Get requested transform.

Description

rtGetTransform returns the requested transform in the return parameter matrix. The type of transform to be retrieved is specified with the kind parameter. kind is an enumerated value that can be either RT_OBJECT_TO_WORLD or RT_WORLD_TO_OBJECT and must be a constant literal. During traversal, intersection and any-hit programs, the current ray will be located in object space. During ray generation, closest-hit and miss programs, the current ray will be located in world space.

There may be significant performance overhead associated with a call to rtGetTransform compared to a call to rtTransformPoint, rtTransformVector, or rtTransformNormal.

Parameters

[in]	kind	The type of transform to retrieve
[out]	matrix	Return parameter for the requested transform

Return values

void	void return value

History

rtGetTransform was introduced in OptiX 1.0.

static __device__ void rtIgnoreIntersection ( )

inlinestatic

Cancels the potential intersection with current ray.

Description

rtIgnoreIntersection causes the current potential intersection to be ignored. This intersection will not become the new closest hit associated with the ray. This function does not return, so values affecting the per-ray data should be applied before calling rtIgnoreIntersection. rtIgnoreIntersection is valid only within an any-hit program.
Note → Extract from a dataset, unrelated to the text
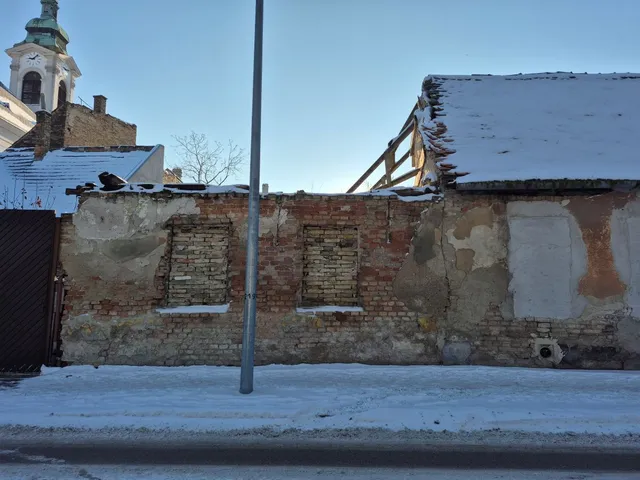 Eladó ház Győr, Sziget 100 nm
rtIgnoreIntersection can be used to implement alpha-mapped transparency by ignoring intersections that hit the geometry but are labeled as transparent in a texture. Since any-hit programs are called frequently during intersection, care should be taken to make them as efficient as possible.

Return values

void	void return value

History

rtIgnoreIntersection was introduced in OptiX 1.0.

static __device__ void rtIntersectChild ( unsigned int index )

inlinestatic

Visit child of selector.

Description

rtIntersectChild will perform intersection on the specified child for the current active ray. This is used in a selector visit program to traverse one of the selector's children. The index specifies which of the children to be visited. As the child is traversed, intersection programs will be called and any-hit programs will be called for positive intersections. When this process is complete, rtIntersectChild will return unless one of the any-hit programs calls rtTerminateRay, in which case this function will never return. Multiple children can be visited during a single selector visit call by calling this function multiple times.

index matches the index used in rtSelectorSetChild on the host. rtIntersectChild is valid only within a selector visit program.

Parameters

[in] index Specifies the child to perform intersection on

Return values

void	void return value

History

rtIntersectChild was introduced in OptiX 1.0.

static __device__ bool rtPotentialIntersection ( float tmin )

inlinestatic

Determine whether a computed intersection is potentially valid.

Description

Reporting an intersection from a geometry program is a two-stage process. If the geometry program computes that the ray intersects the geometry, it will first call rtPotentialIntersection. rtPotentialIntersection will determine whether the reported hit distance is within the valid interval associated with the ray, and return true if the intersection is valid. Subsequently, the geometry program will compute the attributes (normal, texture coordinates, etc.) associated with the intersection before calling rtReportIntersection. When rtReportIntersection is called, the any-hit program associated with the material is called. If the any-hit program does not ignore the intersection then the t value will stand as the new closest intersection.

If rtPotentialIntersection returns true, then rtReportIntersection should always be called after computing the attributes. Furthermore, attributes variables should only be written after a successful return from rtPotentialIntersection.

rtPotentialIntersection is passed the material index associated with the reported intersection. Objects with a single material should pass an index of zero.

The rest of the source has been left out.